▸ **Assignment**
First find the line with "Maisons de vacances", then reproduce it and all following lines of the data to the end, exactly and with no pictures, adding nothing.

▸ **Supplied material**
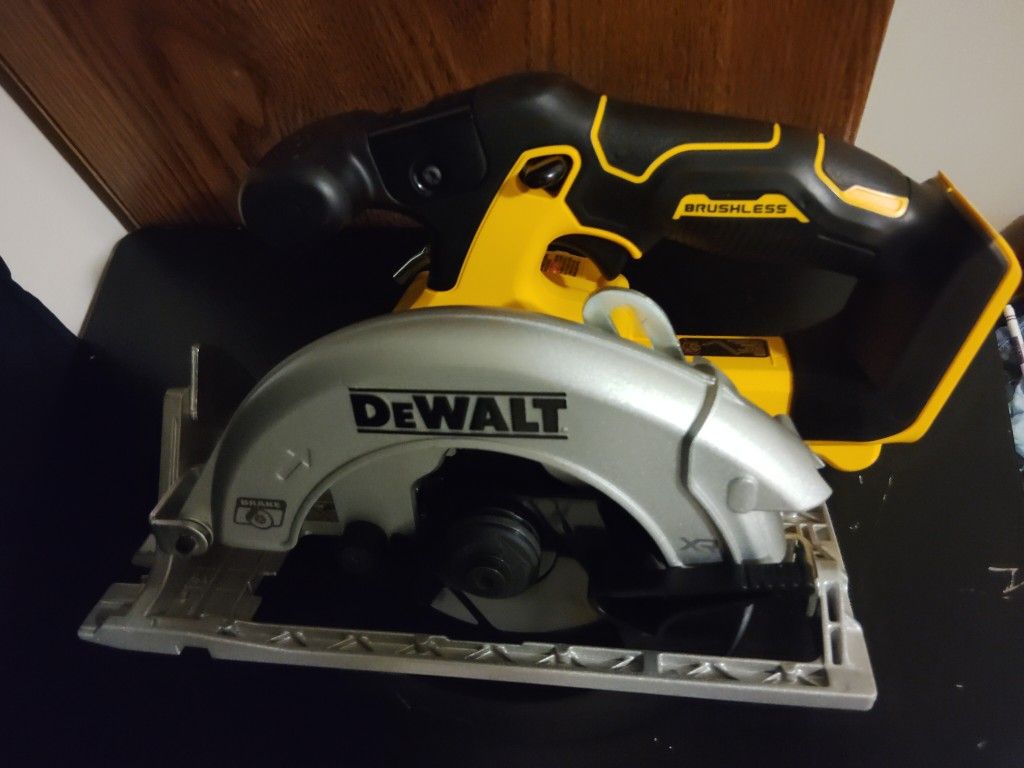 Brand New DEWALT DCS565 6-1/2 in Brushless Cordless Circular Saw Tool Only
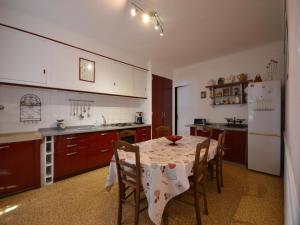 Maisons de vacances Holiday Home in Pertuis with Pool and Views : photos des chambres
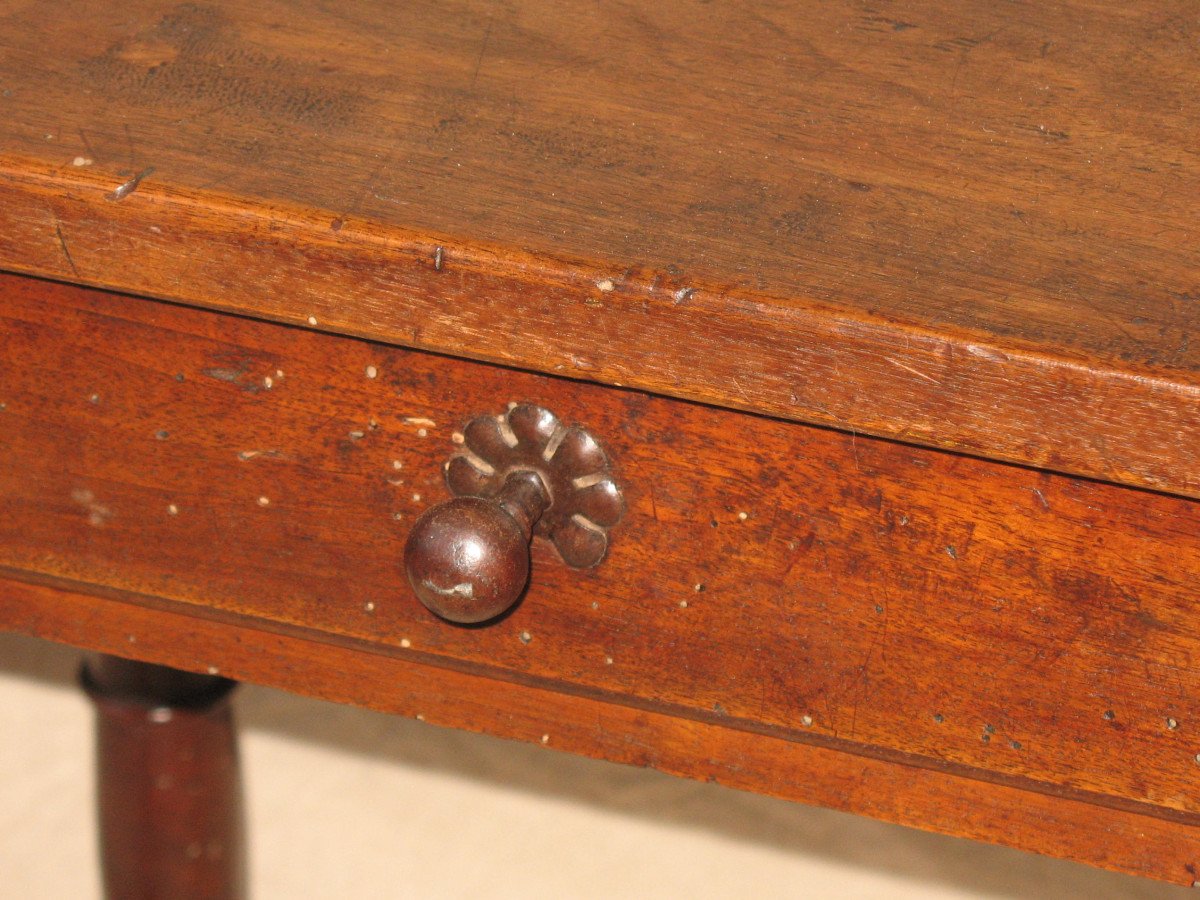 Petite table bureau  époque 18ème Origine Périgord-photo-1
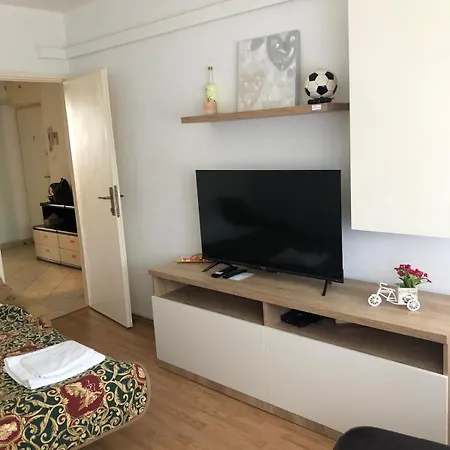 Apartment Maja *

▸ **Response box**
 Maisons de vacances Holiday Home in Pertuis with Pool and Views : photos des chambres
 Petite table bureau  époque 18ème Origine Périgord-photo-1
 Apartment Maja *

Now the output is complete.